A computational study of single cells trapping inside a microfluidic channel

Amelia Ahmad Khalili1and Mohd Ridzuan Ahmad1,2

1Dept. of Mechatronic and Robotic,

Faculty of Electrical Eng., Universiti Teknologi Malaysia 81310 Skudai, Johor, Malaysia

2 Institute of Ibnu Sina, Universiti Teknologi Malaysia, 81310 Skudai, Johor, Malaysia. amelia.ahmadkhalili@gmail.com and ridzuan@fke.utm.my

Abstract—The purpose of this paper is to present the simulation results from a computational model of cell-like object flow in a microfluidic device. This work is important because computational models are needed to design miniaturized biomedical devices which leverage microfluidics technology. Microfluidic devices are important for the single cell analysis such as cell adhesion and single cell electrical properties studies which could lead to many significant applications including early disease diagnosis. The aims of this study are to trap a single cell-like object in the micro-well and to obtain the optimized micro-channel water flow rate and micro-well suction rate using finite element analysis. This study presents numerical solutions from the finite element analysis simulation using ABAQUS-FEA software to analyze the effects of suction rate and depth of the micro-well for a single cell trapping in a microfluidic device. According to the simulation results, a single cell-like object able to be trap into the micro-well with the optimized well’s depth and suitable micro-channel’s flow rate and micro-well’s holes suction rate.

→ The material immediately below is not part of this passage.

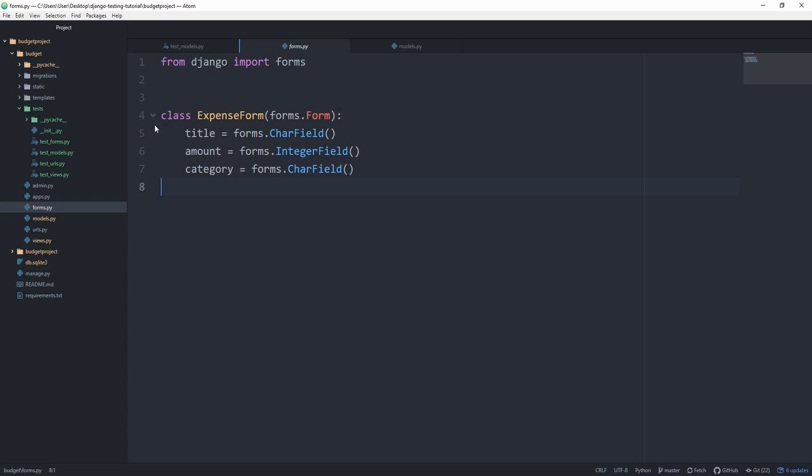In this quick episode, we are going to be testing our forms. If we look at our forms.py, you can see that we only have an expense form with a title, an amount, and a category. So that's going to be quite easy to test because we haven't implemented anything custom.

Keywords-component; single cell, finite element, microfluidic, cell trapping

I. INTRODUCTION Conventional biological studies are usually carried out

with large cell populations thus preventing assessment of individual cell. The measurement of population based study can only reflect the average values summed over the responses of many cells. Accessing the information inherent to single cells will allow us to resolve such heterogeneity and eventually improve our understanding of enduring problems in molecular biology, cancer diagnostics, pathology and therapy. The analysis of single cells with a sufficient number of cells to elucidate process heterogeneities is necessary to obtain more precise information, to obtain statistically meaningful data and thus, reveal the properties of individual cells and cell-to-cell differences [1].

Microfluidic platforms have become an important tool for

single cell analysis as they allow constructing fluidic

channels in dimensions adapted to a specific cell size and provide fluidic tools for cell analysis with minimal dilution errors [4-8]. Microfluidics could overcome difficulties or challenges in traditional assays in medical diagnosis and have the ability to handle small sample sizes and thus minimized the use of valuable reagents in the analysis. The major advantages of micro fabricated systems for cell study are the ability to design cellular microenvironments, precisely control fluid flows, and to reduce the time and cost of cell culture experimentations.

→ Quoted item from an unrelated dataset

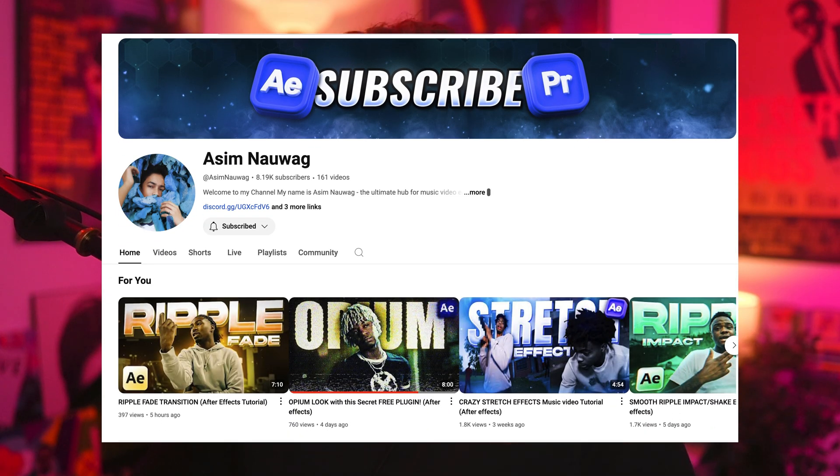And I got to shout out Asim as well. He's the one who put me onto this. Make sure you guys go subscribe to him because he makes fire tutorials as well. Thank you guys so much for watching. I'll see you in the next video. Peace.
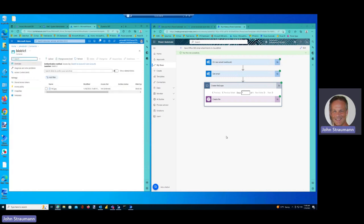So a very quick example of how we can leverage the power of the Microsoft Power Platform, Microsoft Power Automate, and Azure Blob services to store files.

Microfluidic devices using hydrodynamic flows exhibit

numerous advantages such as non-marker labeling, short detection time and high reproducibility based on simple and robust experimental procedure [2]. The size-based approach is relatively less invasive because it does not require any chemical or biological interactions between the cells and the device. Single cells trap should not only allow spatial localization of single cells, but also create micro-reaction chambers, where reactions with stimuli can take place [4] and manipulations could be performed.

Computational Fluid Dynamics (CFD) modeling is an

invaluable tool that has been applied only relatively recently in the area of micro scale cell culture that enables a better understanding of the role of the hydrodynamic environment and the factors that modulate it. CFD is now enabling us to understand the implications of fluid flow and transport on cell function thus provides important insights into the design and optimization of microfluidic cell culture chip [3]. CFD simulations have been performed to estimate the properties of the system during cell-trapping and releasing [9].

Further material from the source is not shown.